Material supplied:
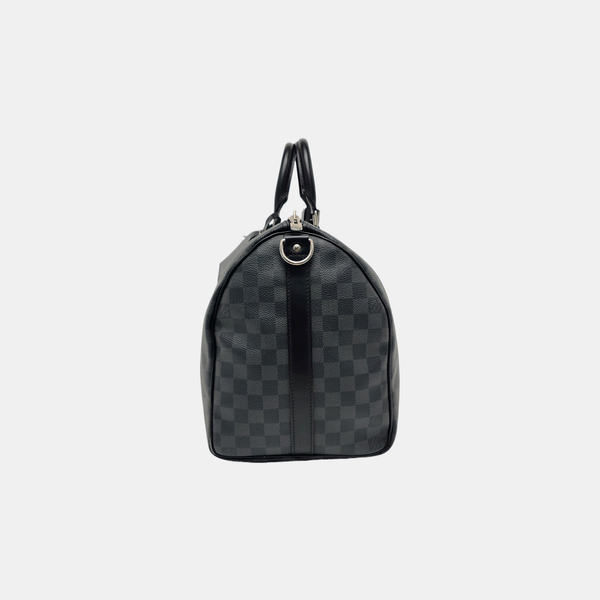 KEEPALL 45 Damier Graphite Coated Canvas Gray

...

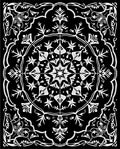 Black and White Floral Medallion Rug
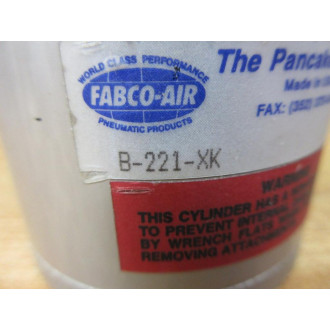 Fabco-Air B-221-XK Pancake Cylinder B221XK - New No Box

* * *

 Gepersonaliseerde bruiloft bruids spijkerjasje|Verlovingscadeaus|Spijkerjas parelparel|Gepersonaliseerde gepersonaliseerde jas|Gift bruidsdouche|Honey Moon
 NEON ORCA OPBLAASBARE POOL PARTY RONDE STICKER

Exercise details:
What should come back is an exact copy of the lines above from the line with "Black and White Floral Medallion Rug" to the line with "Fabco-Air B-221-XK Pancake", both included, minus the pictures.

Answer to this task:
 Black and White Floral Medallion Rug
 Fabco-Air B-221-XK Pancake Cylinder B221XK - New No Box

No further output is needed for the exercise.